§ **TRY IT**: Lines before the one containing "Watch Deadly Secrets by the Lake Movie25" are left out; output the rest of the data exactly, through the final line.

[Extracted data entries]
⟨

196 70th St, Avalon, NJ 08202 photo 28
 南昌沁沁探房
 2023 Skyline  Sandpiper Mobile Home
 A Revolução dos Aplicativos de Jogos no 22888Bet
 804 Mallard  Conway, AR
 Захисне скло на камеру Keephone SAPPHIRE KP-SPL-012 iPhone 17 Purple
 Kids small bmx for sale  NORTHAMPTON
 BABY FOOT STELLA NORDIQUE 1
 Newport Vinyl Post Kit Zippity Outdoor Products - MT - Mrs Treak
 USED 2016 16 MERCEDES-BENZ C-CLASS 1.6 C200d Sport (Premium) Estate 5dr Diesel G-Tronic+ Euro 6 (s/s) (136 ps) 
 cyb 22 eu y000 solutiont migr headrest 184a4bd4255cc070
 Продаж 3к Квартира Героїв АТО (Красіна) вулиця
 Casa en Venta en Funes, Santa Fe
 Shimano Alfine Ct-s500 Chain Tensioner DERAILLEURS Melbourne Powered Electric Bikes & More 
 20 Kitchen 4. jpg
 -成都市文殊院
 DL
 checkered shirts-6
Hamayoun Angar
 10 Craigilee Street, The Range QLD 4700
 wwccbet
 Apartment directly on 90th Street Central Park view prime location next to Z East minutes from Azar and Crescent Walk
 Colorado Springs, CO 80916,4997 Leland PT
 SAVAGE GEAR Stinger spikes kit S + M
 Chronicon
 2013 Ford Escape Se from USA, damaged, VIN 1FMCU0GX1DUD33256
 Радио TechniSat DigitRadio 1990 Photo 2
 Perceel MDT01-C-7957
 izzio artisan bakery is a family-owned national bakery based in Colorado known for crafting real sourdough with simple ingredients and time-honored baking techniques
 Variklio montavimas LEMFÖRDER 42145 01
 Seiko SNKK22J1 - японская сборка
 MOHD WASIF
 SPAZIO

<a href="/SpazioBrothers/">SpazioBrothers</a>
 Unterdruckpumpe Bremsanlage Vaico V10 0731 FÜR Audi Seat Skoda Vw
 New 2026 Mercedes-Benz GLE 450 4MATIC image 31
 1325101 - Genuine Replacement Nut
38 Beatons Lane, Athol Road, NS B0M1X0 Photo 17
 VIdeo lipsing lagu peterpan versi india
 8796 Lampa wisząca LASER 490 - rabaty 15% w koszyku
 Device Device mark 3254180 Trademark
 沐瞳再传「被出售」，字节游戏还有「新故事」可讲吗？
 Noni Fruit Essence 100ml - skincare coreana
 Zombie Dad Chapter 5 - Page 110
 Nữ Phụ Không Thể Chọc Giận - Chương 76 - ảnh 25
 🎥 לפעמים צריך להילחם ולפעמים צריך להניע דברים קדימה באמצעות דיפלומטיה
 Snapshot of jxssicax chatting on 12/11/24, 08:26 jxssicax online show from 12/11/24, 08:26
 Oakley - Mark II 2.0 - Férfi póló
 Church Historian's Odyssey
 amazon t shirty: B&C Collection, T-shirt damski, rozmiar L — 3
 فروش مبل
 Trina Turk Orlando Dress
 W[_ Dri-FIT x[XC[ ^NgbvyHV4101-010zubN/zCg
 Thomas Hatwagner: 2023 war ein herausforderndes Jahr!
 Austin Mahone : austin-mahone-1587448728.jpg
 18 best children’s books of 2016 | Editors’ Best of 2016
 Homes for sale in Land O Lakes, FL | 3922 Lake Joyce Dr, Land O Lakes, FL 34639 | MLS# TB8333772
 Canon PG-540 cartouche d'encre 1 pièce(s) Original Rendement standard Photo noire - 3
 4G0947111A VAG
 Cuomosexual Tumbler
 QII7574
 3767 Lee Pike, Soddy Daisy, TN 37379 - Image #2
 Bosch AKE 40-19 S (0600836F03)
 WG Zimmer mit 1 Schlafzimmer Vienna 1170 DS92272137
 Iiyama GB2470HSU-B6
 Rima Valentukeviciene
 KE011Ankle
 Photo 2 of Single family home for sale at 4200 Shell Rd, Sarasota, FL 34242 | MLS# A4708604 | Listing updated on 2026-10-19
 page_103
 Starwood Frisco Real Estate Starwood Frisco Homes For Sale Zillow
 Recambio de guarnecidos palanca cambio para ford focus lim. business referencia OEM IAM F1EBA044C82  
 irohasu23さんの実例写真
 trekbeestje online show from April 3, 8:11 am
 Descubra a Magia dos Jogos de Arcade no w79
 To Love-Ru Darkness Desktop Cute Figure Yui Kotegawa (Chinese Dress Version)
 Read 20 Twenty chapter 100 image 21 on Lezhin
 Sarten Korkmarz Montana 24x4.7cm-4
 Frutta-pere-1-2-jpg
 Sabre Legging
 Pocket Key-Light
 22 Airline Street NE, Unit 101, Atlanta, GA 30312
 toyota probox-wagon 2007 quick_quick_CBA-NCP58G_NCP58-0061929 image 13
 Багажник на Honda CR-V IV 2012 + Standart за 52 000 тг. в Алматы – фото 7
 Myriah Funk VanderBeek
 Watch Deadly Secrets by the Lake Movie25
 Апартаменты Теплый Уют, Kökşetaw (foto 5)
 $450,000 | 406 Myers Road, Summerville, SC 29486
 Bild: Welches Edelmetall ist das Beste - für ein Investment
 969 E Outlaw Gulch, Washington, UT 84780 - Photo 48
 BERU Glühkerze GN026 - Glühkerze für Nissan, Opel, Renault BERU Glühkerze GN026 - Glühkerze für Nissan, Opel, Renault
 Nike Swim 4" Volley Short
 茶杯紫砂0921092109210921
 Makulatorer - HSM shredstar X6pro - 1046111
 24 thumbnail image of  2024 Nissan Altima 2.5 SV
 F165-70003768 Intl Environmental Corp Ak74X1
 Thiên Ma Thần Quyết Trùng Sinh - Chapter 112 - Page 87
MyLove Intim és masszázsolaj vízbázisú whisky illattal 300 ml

⟩

§ **WRITTEN RESPONSE**:
 Watch Deadly Secrets by the Lake Movie25
 Апартаменты Теплый Уют, Kökşetaw (foto 5)
 $450,000 | 406 Myers Road, Summerville, SC 29486
 Bild: Welches Edelmetall ist das Beste - für ein Investment
 969 E Outlaw Gulch, Washington, UT 84780 - Photo 48
 BERU Glühkerze GN026 - Glühkerze für Nissan, Opel, Renault BERU Glühkerze GN026 - Glühkerze für Nissan, Opel, Renault
 Nike Swim 4" Volley Short
 茶杯紫砂0921092109210921
 Makulatorer - HSM shredstar X6pro - 1046111
 24 thumbnail image of  2024 Nissan Altima 2.5 SV
 F165-70003768 Intl Environmental Corp Ak74X1
 Thiên Ma Thần Quyết Trùng Sinh - Chapter 112 - Page 87
MyLove Intim és masszázsolaj vízbázisú whisky illattal 300 ml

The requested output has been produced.